Last updated: May 29, 2025

Efficient file deduplication with sha-256 and Node.js

Tim Koschützki

Co-founder · Berlin, Germany · Show bio ·

Duplicate files can quickly become a headache in modern applications—eating up storage and slowing queries. In this DevTip we will build a small Node.js server that rejects duplicate uploads by calculating a SHA-256 hash for every incoming file and comparing it against previously-seen ones.

Why not MD5?

MD5 used to be the go-to algorithm for quick integrity checks, but it is no longer considered collision-resistant. For a deduplication system you usually do not need full cryptographic strength, yet picking a broken hash means accepting a (small, but real) risk of two different files producing the same digest. SHA-256 is still fast, ships with Node.js, and eliminates that concern—so that is what we will use throughout the article.

Understand content-based deduplication

Content-based deduplication, a form of content addressing, identifies identical files by their binary content instead of their filenames or metadata. The workflow is simple:

Receive an upload.
Stream the bytes through a hash function.
Look up that hash in a datastore.
Reject, reuse, or store the file depending on whether the hash already exists.

Because hashes have a fixed length (256 bits for SHA-256) you can use them as lightweight primary keys regardless of the original file size.

Set up the project

mkdir file-deduplication && cd $_
npm init -y
npm install express@4.19.2 multer@1.4.5-lts.1 sqlite3@5.1.7

We will keep extra dependencies to a minimum—express for routing, multer for multipart parsing, and sqlite3 for a tiny persistent database. path and crypto come with Node.js.

Create a secure upload handler

// index.js
const express = require('express')
const multer = require('multer')
const path = require('path')
const fs = require('fs')
const crypto = require('crypto')
const sqlite3 = require('sqlite3').verbose()

const app = express()

/* -------------------------------------------------------------------------- */
/* Database                                                                   */
/* -------------------------------------------------------------------------- */
const db = new sqlite3.Database('deduplication.db')

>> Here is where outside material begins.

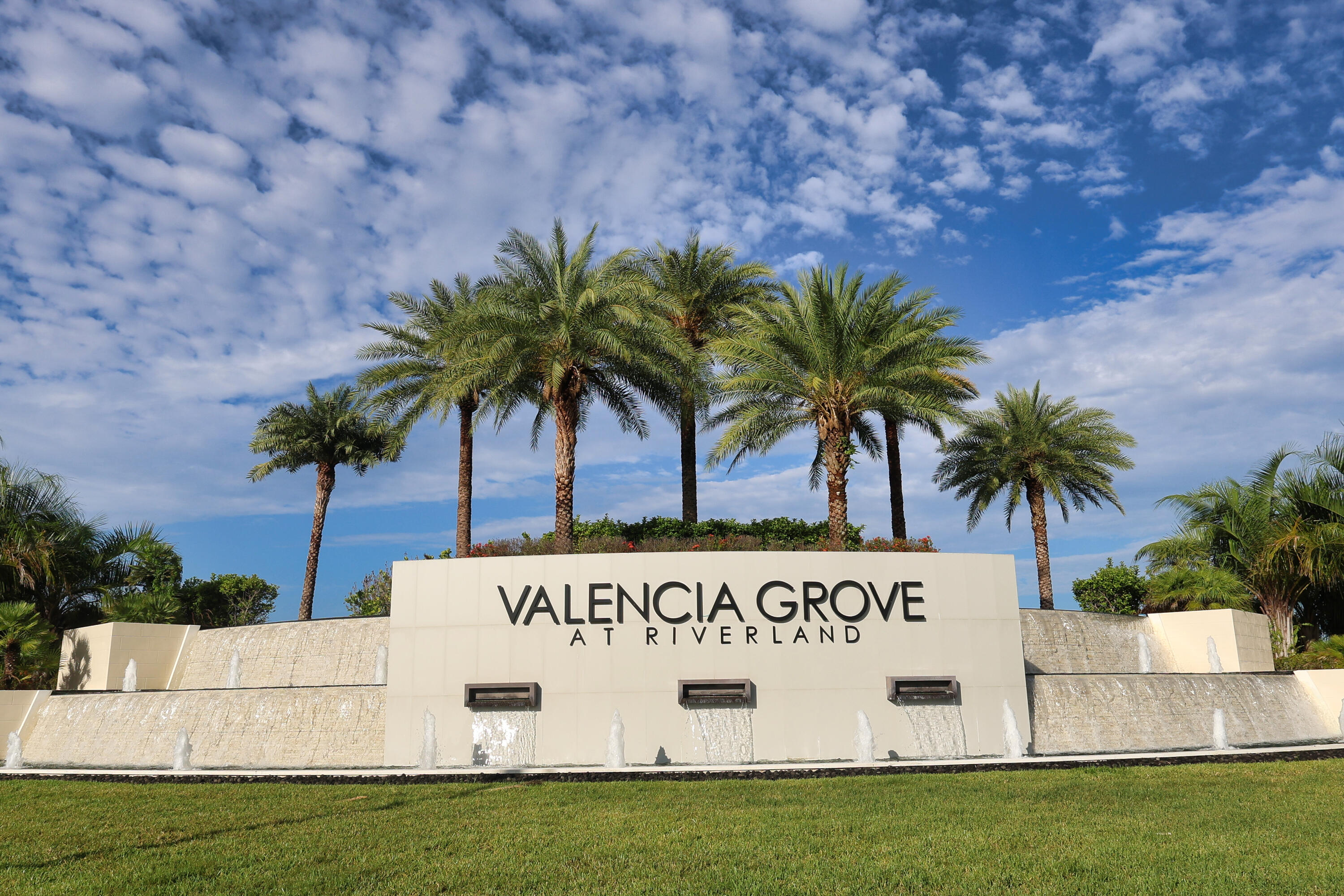 RIVERLAND - VALENCIA GROVE - Residential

db.exec(`CREATE TABLE IF NOT EXISTS files (
  hash TEXT PRIMARY KEY,
  original_name TEXT,
  filename TEXT,
  file_path TEXT,
  size INTEGER,
  upload_date TEXT
)`)

/* -------------------------------------------------------------------------- */
/* Multer configuration                                                       */
/* -------------------------------------------------------------------------- */
const storage = multer.diskStorage({
  destination(req, file, cb) {
    const dir = 'uploads'
    fs.mkdirSync(dir, { recursive: true })
    cb(null, dir)
  },
  filename(req, file, cb) {
    const unique = Date.now() + '-' + Math.round(Math.random() * 1e9)
    cb(null, `${file.fieldname}-${unique}${path.extname(file.originalname)}`)
  },
})

const MAX_SIZE = 10 * 1024 * 1024 // 10 MB

const upload = multer({
  storage,
  limits: { fileSize: MAX_SIZE, files: 1 },
  fileFilter(req, file, cb) {
    const allowed = ['image/jpeg', 'image/png', 'image/gif', 'application/pdf']
    cb(null, allowed.includes(file.mimetype))
  },
})

/* -------------------------------------------------------------------------- */
/* Helper: stream hashing                                                     */
/* -------------------------------------------------------------------------- */
function hashFile(filePath) {
  return new Promise((resolve, reject) => {
    const hash = crypto.createHash('sha256')
    const stream = fs.createReadStream(filePath)

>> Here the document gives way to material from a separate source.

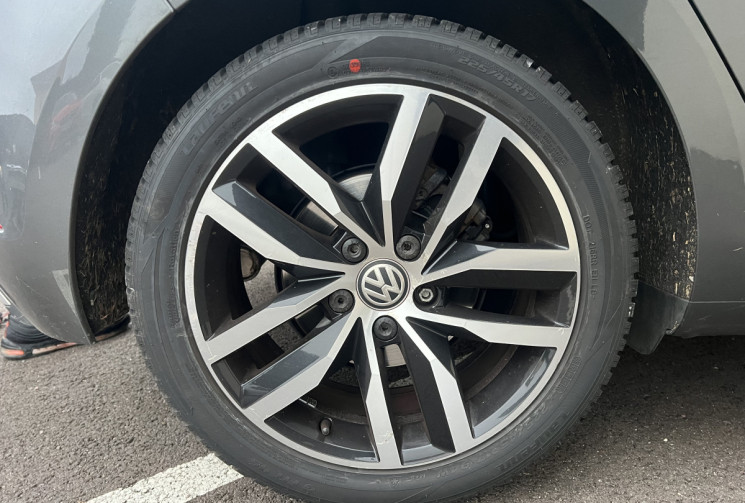 VOLKSWAGEN GOLF 7 Phase 2 1.6 TDI Blue Motion DSG7 115 cv Boîte auto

    stream.on('data', (chunk) => hash.update(chunk))
    stream.on('end', () => resolve(hash.digest('hex')))
    stream.on('error', reject)
  })
}

/* -------------------------------------------------------------------------- */
/* Routes                                                                     */
/* -------------------------------------------------------------------------- */
app.post('/upload', (req, res) => {
  upload.single('file')(req, res, async (err) => {
    if (err instanceof multer.MulterError) {
      return res.status(400).json({ error: err.message })
    }
    if (err) {
      return res.status(500).json({ error: err.message })
    }
    if (!req.file) {
      return res.status(400).json({ error: 'No file uploaded' })
    }

    const { path: filePath, originalname, filename, size } = req.file

    try {
      const digest = await hashFile(filePath)

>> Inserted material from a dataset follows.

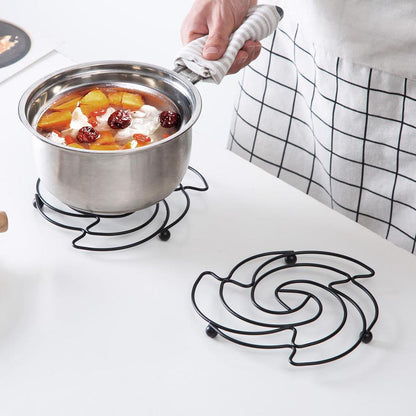 Metal Pot Coaster Heat-Resistant Trivet Stand by HitMyNeed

      db.get('SELECT * FROM files WHERE hash = ?', [digest], (dbErr, row) => {
        if (dbErr) {
          fs.unlinkSync(filePath)
          return res.status(500).json({ error: dbErr.message })
        }

        if (row) {
          // Duplicate: remove new file and return existing info
          fs.unlinkSync(filePath)
          return res.status(409).json({
            error: 'Duplicate file detected',
            hash: digest,
            originalName: row.original_name,
          })
        }

        // Store metadata for future checks
        db.run(
          `INSERT INTO files (hash, original_name, filename, file_path, size, upload_date)
           VALUES (?, ?, ?, ?, ?, datetime('now'))`,
          [digest, originalname, filename, filePath, size],
          (insertErr) => {
            if (insertErr) {
              fs.unlinkSync(filePath)
              return res.status(500).json({ error: insertErr.message })
            }

            return res.json({
              message: 'File uploaded successfully',
              hash: digest,
              size,
            })
          },
        )
      })
    } catch (hashErr) {
      fs.unlinkSync(filePath)
      res.status(500).json({ error: hashErr.message })
    }
  })
})

app.get('/files', (req, res) => {
  db.all('SELECT original_name as name, hash, size, upload_date FROM files', (err, rows) => {
    if (err) return res.status(500).json({ error: err.message })
    res.json(rows)
  })
})

/* -------------------------------------------------------------------------- */
/* Start server                                                               */
/* -------------------------------------------------------------------------- */
const PORT = process.env.PORT || 3000
app.listen(PORT, () => {
  console.log(`Server listening on http://localhost:${PORT}`)
})

Handle large files efficiently

hashFile already streams data, so memory usage stays constant regardless of file size. When you expect gigabyte-scale uploads, move the deduplication work into a background queue—otherwise even a streaming hash will briefly block the event loop while SQLite writes to disk. Tools like BullMQ or Nest.js Queues make that straightforward.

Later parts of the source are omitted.